Data:
-=-=-

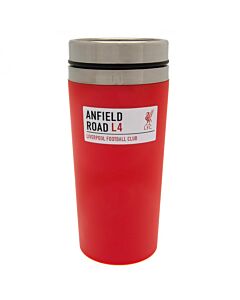 Liverpool FC Anfield Road Travel Mug-178017 Maznun Football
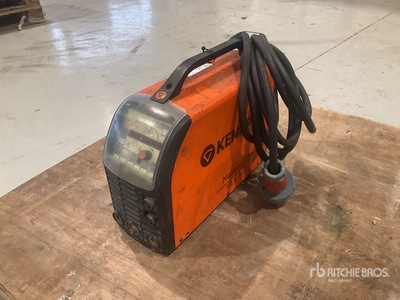 Kemppi MLS4000 Electric Welder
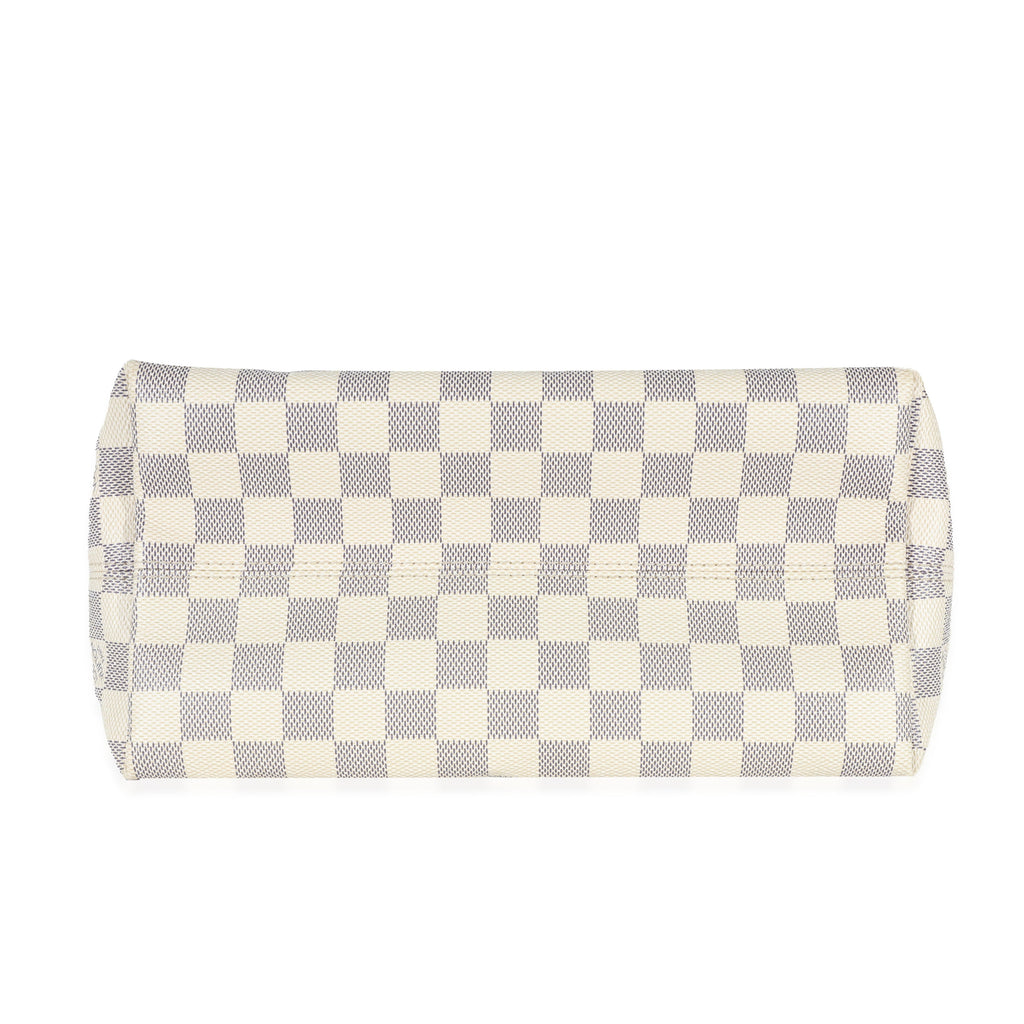 Louis Vuitton Louis Vuitton Damier Azur Canvas Iena PM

-=-=-

The task:
Transcribe the full listing exactly, but keep every image out of it.

Expected output:
 Liverpool FC Anfield Road Travel Mug-178017 Maznun Football
 Kemppi MLS4000 Electric Welder
 Louis Vuitton Louis Vuitton Damier Azur Canvas Iena PM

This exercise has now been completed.